> _How to complete this task_: Exact copies of all the lines below are required.
Input records START
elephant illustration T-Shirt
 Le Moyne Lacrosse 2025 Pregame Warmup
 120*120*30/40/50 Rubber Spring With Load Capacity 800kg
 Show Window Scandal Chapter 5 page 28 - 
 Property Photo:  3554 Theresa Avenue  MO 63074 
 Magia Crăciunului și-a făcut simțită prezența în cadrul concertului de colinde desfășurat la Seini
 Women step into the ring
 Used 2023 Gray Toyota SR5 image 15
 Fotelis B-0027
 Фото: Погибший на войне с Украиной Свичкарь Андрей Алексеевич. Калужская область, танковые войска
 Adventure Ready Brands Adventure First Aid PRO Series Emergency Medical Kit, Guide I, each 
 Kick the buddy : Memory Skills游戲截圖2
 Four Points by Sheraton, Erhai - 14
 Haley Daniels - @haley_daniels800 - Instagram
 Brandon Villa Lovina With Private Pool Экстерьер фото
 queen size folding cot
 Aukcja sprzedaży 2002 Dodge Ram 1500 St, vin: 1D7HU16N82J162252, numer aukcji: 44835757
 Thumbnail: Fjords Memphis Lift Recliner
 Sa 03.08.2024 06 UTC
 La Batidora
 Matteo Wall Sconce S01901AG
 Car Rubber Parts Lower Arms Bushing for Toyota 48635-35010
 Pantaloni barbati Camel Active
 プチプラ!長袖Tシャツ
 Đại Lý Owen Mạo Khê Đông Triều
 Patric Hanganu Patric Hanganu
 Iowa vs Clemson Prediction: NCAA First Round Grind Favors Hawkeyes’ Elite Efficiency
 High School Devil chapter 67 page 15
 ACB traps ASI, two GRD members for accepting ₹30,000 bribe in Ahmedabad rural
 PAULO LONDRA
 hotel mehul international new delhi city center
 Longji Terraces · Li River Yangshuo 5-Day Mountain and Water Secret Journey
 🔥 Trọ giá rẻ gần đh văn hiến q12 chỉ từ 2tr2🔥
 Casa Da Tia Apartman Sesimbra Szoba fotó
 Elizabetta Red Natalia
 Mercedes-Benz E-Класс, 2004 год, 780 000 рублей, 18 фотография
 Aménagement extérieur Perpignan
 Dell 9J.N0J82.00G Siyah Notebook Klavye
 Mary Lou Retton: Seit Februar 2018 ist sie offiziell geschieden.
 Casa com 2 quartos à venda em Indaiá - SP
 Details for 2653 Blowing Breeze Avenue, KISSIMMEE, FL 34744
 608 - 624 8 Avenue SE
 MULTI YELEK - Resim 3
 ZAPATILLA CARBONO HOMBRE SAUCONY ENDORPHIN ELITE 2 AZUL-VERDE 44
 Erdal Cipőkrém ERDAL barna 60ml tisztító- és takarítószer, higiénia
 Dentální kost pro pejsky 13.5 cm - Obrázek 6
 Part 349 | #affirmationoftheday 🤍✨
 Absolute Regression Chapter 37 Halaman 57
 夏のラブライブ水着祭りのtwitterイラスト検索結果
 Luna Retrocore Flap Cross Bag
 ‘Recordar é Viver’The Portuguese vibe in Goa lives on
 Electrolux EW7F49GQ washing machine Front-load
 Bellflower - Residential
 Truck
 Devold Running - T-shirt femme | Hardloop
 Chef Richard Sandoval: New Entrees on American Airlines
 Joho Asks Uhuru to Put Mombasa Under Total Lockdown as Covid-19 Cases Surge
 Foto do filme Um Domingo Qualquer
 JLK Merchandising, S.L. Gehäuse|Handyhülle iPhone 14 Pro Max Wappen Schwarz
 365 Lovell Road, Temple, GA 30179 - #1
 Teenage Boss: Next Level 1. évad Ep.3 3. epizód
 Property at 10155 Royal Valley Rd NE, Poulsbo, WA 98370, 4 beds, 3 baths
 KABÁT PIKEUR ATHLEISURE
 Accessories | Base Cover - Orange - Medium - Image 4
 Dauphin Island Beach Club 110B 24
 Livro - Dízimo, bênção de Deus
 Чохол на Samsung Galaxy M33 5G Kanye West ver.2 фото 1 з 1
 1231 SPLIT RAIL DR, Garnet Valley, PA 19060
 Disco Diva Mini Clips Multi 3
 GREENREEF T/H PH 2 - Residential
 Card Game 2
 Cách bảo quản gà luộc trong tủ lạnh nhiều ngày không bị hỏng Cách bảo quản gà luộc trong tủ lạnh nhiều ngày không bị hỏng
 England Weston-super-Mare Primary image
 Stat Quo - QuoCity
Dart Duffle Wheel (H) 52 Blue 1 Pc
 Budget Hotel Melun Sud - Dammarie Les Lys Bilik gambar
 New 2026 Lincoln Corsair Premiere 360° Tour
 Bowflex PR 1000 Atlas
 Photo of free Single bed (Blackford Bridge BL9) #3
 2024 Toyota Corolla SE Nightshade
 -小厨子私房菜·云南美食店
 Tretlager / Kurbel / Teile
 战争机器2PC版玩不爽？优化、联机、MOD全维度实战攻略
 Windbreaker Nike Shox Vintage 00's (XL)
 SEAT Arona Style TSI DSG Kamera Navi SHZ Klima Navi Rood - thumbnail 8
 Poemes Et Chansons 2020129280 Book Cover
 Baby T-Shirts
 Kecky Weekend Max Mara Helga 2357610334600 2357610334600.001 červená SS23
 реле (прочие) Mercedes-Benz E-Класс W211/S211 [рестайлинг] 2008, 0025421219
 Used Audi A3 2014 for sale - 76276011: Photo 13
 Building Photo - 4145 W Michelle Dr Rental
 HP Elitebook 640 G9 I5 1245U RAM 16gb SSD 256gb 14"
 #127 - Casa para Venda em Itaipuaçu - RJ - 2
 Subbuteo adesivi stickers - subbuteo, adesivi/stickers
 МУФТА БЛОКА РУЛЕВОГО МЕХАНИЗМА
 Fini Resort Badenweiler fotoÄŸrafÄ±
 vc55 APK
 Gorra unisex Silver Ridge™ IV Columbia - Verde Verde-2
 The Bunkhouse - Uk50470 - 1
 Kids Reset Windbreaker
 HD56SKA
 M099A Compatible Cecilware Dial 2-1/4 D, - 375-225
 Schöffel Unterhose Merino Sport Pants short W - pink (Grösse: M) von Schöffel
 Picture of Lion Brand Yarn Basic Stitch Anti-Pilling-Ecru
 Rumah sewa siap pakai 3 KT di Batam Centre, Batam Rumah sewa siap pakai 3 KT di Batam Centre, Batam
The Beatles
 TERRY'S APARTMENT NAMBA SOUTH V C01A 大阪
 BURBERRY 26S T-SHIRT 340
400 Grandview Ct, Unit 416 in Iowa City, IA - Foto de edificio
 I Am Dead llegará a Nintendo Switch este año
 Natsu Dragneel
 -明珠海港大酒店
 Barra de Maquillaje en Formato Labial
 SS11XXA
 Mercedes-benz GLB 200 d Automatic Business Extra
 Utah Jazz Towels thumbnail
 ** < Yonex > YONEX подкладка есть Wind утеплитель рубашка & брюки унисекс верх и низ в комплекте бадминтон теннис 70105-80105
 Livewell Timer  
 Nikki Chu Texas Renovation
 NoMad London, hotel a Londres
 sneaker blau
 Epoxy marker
Input records END
> _The completed task_:
elephant illustration T-Shirt
 Le Moyne Lacrosse 2025 Pregame Warmup
 120*120*30/40/50 Rubber Spring With Load Capacity 800kg
 Show Window Scandal Chapter 5 page 28 - 
 Property Photo:  3554 Theresa Avenue  MO 63074 
 Magia Crăciunului și-a făcut simțită prezența în cadrul concertului de colinde desfășurat la Seini
 Women step into the ring
 Used 2023 Gray Toyota SR5 image 15
 Fotelis B-0027
 Фото: Погибший на войне с Украиной Свичкарь Андрей Алексеевич. Калужская область, танковые войска
 Adventure Ready Brands Adventure First Aid PRO Series Emergency Medical Kit, Guide I, each 
 Kick the buddy : Memory Skills游戲截圖2
 Four Points by Sheraton, Erhai - 14
 Haley Daniels - @haley_daniels800 - Instagram
 Brandon Villa Lovina With Private Pool Экстерьер фото
 queen size folding cot
 Aukcja sprzedaży 2002 Dodge Ram 1500 St, vin: 1D7HU16N82J162252, numer aukcji: 44835757
 Thumbnail: Fjords Memphis Lift Recliner
 Sa 03.08.2024 06 UTC
 La Batidora
 Matteo Wall Sconce S01901AG
 Car Rubber Parts Lower Arms Bushing for Toyota 48635-35010
 Pantaloni barbati Camel Active
 プチプラ!長袖Tシャツ
 Đại Lý Owen Mạo Khê Đông Triều
 Patric Hanganu Patric Hanganu
 Iowa vs Clemson Prediction: NCAA First Round Grind Favors Hawkeyes’ Elite Efficiency
 High School Devil chapter 67 page 15
 ACB traps ASI, two GRD members for accepting ₹30,000 bribe in Ahmedabad rural
 PAULO LONDRA
 hotel mehul international new delhi city center
 Longji Terraces · Li River Yangshuo 5-Day Mountain and Water Secret Journey
 🔥 Trọ giá rẻ gần đh văn hiến q12 chỉ từ 2tr2🔥
 Casa Da Tia Apartman Sesimbra Szoba fotó
 Elizabetta Red Natalia
 Mercedes-Benz E-Класс, 2004 год, 780 000 рублей, 18 фотография
 Aménagement extérieur Perpignan
 Dell 9J.N0J82.00G Siyah Notebook Klavye
 Mary Lou Retton: Seit Februar 2018 ist sie offiziell geschieden.
 Casa com 2 quartos à venda em Indaiá - SP
 Details for 2653 Blowing Breeze Avenue, KISSIMMEE, FL 34744
 608 - 624 8 Avenue SE
 MULTI YELEK - Resim 3
 ZAPATILLA CARBONO HOMBRE SAUCONY ENDORPHIN ELITE 2 AZUL-VERDE 44
 Erdal Cipőkrém ERDAL barna 60ml tisztító- és takarítószer, higiénia
 Dentální kost pro pejsky 13.5 cm - Obrázek 6
 Part 349 | #affirmationoftheday 🤍✨
 Absolute Regression Chapter 37 Halaman 57
 夏のラブライブ水着祭りのtwitterイラスト検索結果
 Luna Retrocore Flap Cross Bag
 ‘Recordar é Viver’The Portuguese vibe in Goa lives on
 Electrolux EW7F49GQ washing machine Front-load
 Bellflower - Residential
 Truck
 Devold Running - T-shirt femme | Hardloop
 Chef Richard Sandoval: New Entrees on American Airlines
 Joho Asks Uhuru to Put Mombasa Under Total Lockdown as Covid-19 Cases Surge
 Foto do filme Um Domingo Qualquer
 JLK Merchandising, S.L. Gehäuse|Handyhülle iPhone 14 Pro Max Wappen Schwarz
 365 Lovell Road, Temple, GA 30179 - #1
 Teenage Boss: Next Level 1. évad Ep.3 3. epizód
 Property at 10155 Royal Valley Rd NE, Poulsbo, WA 98370, 4 beds, 3 baths
 KABÁT PIKEUR ATHLEISURE
 Accessories | Base Cover - Orange - Medium - Image 4
 Dauphin Island Beach Club 110B 24
 Livro - Dízimo, bênção de Deus
 Чохол на Samsung Galaxy M33 5G Kanye West ver.2 фото 1 з 1
 1231 SPLIT RAIL DR, Garnet Valley, PA 19060
 Disco Diva Mini Clips Multi 3
 GREENREEF T/H PH 2 - Residential
 Card Game 2
 Cách bảo quản gà luộc trong tủ lạnh nhiều ngày không bị hỏng Cách bảo quản gà luộc trong tủ lạnh nhiều ngày không bị hỏng
 England Weston-super-Mare Primary image
 Stat Quo - QuoCity
Dart Duffle Wheel (H) 52 Blue 1 Pc
 Budget Hotel Melun Sud - Dammarie Les Lys Bilik gambar
 New 2026 Lincoln Corsair Premiere 360° Tour
 Bowflex PR 1000 Atlas
 Photo of free Single bed (Blackford Bridge BL9) #3
 2024 Toyota Corolla SE Nightshade
 -小厨子私房菜·云南美食店
 Tretlager / Kurbel / Teile
 战争机器2PC版玩不爽？优化、联机、MOD全维度实战攻略
 Windbreaker Nike Shox Vintage 00's (XL)
 SEAT Arona Style TSI DSG Kamera Navi SHZ Klima Navi Rood - thumbnail 8
 Poemes Et Chansons 2020129280 Book Cover
 Baby T-Shirts
 Kecky Weekend Max Mara Helga 2357610334600 2357610334600.001 červená SS23
 реле (прочие) Mercedes-Benz E-Класс W211/S211 [рестайлинг] 2008, 0025421219
 Used Audi A3 2014 for sale - 76276011: Photo 13
 Building Photo - 4145 W Michelle Dr Rental
 HP Elitebook 640 G9 I5 1245U RAM 16gb SSD 256gb 14"
 #127 - Casa para Venda em Itaipuaçu - RJ - 2
 Subbuteo adesivi stickers - subbuteo, adesivi/stickers
 МУФТА БЛОКА РУЛЕВОГО МЕХАНИЗМА
 Fini Resort Badenweiler fotoÄŸrafÄ±
 vc55 APK
 Gorra unisex Silver Ridge™ IV Columbia - Verde Verde-2
 The Bunkhouse - Uk50470 - 1
 Kids Reset Windbreaker
 HD56SKA
 M099A Compatible Cecilware Dial 2-1/4 D, - 375-225
 Schöffel Unterhose Merino Sport Pants short W - pink (Grösse: M) von Schöffel
 Picture of Lion Brand Yarn Basic Stitch Anti-Pilling-Ecru
 Rumah sewa siap pakai 3 KT di Batam Centre, Batam Rumah sewa siap pakai 3 KT di Batam Centre, Batam
The Beatles
 TERRY'S APARTMENT NAMBA SOUTH V C01A 大阪
 BURBERRY 26S T-SHIRT 340
400 Grandview Ct, Unit 416 in Iowa City, IA - Foto de edificio
 I Am Dead llegará a Nintendo Switch este año
 Natsu Dragneel
 -明珠海港大酒店
 Barra de Maquillaje en Formato Labial
 SS11XXA
 Mercedes-benz GLB 200 d Automatic Business Extra
 Utah Jazz Towels thumbnail
 ** < Yonex > YONEX подкладка есть Wind утеплитель рубашка & брюки унисекс верх и низ в комплекте бадминтон теннис 70105-80105
 Livewell Timer  
 Nikki Chu Texas Renovation
 NoMad London, hotel a Londres
 sneaker blau
 Epoxy marker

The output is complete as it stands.